Le seuil étroit qui isole l’Europe de son ancienne presqu’île constitue en somme un déversoir sous-marin au-dessus duquel les eaux sont tour à tour poussées, suivant le jeu des marées, de la Manche vers la mer du Nord ou de la mer du Nord vers la Manche. Il est continuellement balayé par les courans et n’est recouvert par aucune alluvion ni aucun dépôt de sable. La roche est absolument nue, dérasée, et ne présente que des déclivités insensibles[2]. C’est en un mot un plateau lisse et régulier, presque horizontal, qu’il est aussi bien possible de perforer que d’utiliser pour en faire la base d’appui ou le socle de scellement de piles gigantesques devant supporter un ouvrage colossal établi au-dessus des eaux.


II

On pourrait presque composer une bibliothèque avec les publications, faites depuis quelques années, sur la traversée de la Manche, et toutes les discussions, toutes les polémiques, tous les mémoires auxquels les divers projets présentés ont donné lieu au point de vue technique, maritime, économique, commercial ou international. Nous ne pouvons qu’indiquer ici d’une manière très succincte les principales étapes de cette étude qui marquera, quoi qu’il arrive et quel qu’en soit le résultat définitif, parmi l’une des plus curieuses de notre temps.
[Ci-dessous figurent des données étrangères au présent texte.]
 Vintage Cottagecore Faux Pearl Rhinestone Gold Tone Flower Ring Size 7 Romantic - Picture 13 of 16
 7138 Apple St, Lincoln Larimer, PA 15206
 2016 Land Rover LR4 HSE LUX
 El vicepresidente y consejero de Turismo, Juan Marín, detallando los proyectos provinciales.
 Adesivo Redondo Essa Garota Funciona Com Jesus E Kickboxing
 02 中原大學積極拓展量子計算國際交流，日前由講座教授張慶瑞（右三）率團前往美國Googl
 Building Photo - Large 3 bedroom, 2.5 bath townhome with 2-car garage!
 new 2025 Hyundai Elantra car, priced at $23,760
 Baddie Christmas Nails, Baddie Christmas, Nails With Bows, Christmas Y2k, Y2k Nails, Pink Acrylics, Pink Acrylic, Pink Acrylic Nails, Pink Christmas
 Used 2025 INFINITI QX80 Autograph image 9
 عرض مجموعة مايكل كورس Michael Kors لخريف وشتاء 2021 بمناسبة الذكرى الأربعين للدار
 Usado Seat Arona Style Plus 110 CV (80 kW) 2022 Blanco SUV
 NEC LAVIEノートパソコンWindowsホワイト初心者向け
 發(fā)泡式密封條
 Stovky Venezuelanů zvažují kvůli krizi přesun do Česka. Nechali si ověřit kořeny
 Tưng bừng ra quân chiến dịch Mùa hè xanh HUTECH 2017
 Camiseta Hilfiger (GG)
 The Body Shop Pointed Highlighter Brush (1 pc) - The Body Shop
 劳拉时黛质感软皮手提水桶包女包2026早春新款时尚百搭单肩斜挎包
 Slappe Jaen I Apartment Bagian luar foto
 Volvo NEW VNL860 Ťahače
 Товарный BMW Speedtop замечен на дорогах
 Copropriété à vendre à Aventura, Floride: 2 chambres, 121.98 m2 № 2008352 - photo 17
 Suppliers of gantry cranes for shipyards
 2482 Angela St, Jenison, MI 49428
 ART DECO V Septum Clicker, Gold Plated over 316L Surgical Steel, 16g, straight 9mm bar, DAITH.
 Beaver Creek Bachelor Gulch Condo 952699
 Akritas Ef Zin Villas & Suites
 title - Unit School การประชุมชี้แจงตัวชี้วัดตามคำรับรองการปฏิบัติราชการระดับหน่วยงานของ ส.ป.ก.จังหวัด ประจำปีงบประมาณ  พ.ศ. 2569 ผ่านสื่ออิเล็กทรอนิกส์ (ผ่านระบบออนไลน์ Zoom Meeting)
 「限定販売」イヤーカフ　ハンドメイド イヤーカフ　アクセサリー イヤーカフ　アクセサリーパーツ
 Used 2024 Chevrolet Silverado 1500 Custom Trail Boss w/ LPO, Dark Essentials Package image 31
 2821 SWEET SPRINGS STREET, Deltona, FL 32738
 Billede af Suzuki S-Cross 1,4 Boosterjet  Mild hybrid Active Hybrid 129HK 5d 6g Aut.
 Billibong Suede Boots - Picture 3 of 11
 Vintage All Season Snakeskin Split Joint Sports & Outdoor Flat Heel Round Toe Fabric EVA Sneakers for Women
Elle remonte presque exactement à un siècle. C’est en effet en 1802 que l’ingénieur Mathieu, bien qu’il ne pût avoir alors que des données très insuffisantes sur la nature des roches à traverser, proposa le premier de pratiquer une percée souterraine entre la France et l’Angleterre à peu près entre Douvres et Calais.

  1. De Lapparent. Rapport à la Commission des communications entre la France et l’Angleterre. Annales des Ponts et Chaussées, juin 1875.
  2. Renaud, Rapport sur la reconnaissance hydrographique et géologique du Pas de Calais, novembre 1890.